→ **Work item**: Some of the lines below need repeating. Reproduce exactly those between the lines holding "Ghế sofa văng phòng khách Kness" and "Motor Fiat Palio 1.4 8v Evo (06243373)", inclusive.

[Dataset extract Boundary: Start]

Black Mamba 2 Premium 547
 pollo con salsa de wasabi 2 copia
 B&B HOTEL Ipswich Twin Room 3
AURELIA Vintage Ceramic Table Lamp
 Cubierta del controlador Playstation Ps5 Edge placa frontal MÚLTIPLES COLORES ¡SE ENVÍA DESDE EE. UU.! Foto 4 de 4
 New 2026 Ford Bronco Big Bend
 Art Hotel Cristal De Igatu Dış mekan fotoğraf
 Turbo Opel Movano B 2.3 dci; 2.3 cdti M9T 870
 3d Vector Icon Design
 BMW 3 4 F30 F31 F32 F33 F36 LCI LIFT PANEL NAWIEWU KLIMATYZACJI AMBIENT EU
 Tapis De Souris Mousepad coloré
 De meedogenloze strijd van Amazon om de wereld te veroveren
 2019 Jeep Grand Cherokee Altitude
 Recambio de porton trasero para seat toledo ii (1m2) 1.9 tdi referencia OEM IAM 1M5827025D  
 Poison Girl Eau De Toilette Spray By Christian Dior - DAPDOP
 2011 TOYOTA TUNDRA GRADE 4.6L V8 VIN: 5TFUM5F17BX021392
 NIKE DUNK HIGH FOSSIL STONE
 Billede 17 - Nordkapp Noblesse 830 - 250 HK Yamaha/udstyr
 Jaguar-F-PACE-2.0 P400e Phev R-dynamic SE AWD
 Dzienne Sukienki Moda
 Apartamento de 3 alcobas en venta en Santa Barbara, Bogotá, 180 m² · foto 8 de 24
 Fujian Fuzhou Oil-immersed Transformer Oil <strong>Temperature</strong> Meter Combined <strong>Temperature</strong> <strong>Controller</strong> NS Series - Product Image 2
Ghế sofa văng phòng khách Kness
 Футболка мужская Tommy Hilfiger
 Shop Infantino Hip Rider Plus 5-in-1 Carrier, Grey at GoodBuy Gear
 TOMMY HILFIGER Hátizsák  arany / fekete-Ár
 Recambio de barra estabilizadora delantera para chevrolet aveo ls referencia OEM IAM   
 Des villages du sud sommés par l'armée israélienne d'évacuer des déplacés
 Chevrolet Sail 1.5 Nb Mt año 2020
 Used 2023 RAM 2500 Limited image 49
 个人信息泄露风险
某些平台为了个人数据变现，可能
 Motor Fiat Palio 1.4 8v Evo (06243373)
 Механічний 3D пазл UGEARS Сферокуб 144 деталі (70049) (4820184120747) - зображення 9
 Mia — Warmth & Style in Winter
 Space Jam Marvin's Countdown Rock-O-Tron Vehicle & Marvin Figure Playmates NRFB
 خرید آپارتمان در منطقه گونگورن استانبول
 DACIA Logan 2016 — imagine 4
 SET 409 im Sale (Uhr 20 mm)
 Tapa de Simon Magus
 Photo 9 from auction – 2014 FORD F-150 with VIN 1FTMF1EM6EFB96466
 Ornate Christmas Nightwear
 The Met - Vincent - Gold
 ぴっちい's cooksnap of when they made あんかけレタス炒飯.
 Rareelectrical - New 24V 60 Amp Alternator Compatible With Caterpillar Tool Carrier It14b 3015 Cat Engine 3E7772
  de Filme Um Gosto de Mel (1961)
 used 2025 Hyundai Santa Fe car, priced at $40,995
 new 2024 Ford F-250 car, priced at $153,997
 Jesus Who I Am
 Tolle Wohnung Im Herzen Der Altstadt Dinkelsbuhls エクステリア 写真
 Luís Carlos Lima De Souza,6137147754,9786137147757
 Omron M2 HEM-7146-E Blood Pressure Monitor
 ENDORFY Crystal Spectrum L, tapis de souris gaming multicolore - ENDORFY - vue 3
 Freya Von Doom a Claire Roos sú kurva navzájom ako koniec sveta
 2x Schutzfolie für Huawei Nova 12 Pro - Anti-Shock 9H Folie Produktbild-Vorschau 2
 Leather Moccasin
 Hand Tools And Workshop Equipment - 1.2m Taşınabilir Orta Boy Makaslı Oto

[Dataset extract Boundary: End]

→ **Written response**:
Ghế sofa văng phòng khách Kness
 Футболка мужская Tommy Hilfiger
 Shop Infantino Hip Rider Plus 5-in-1 Carrier, Grey at GoodBuy Gear
 TOMMY HILFIGER Hátizsák  arany / fekete-Ár
 Recambio de barra estabilizadora delantera para chevrolet aveo ls referencia OEM IAM   
 Des villages du sud sommés par l'armée israélienne d'évacuer des déplacés
 Chevrolet Sail 1.5 Nb Mt año 2020
 Used 2023 RAM 2500 Limited image 49
 个人信息泄露风险
某些平台为了个人数据变现，可能
 Motor Fiat Palio 1.4 8v Evo (06243373)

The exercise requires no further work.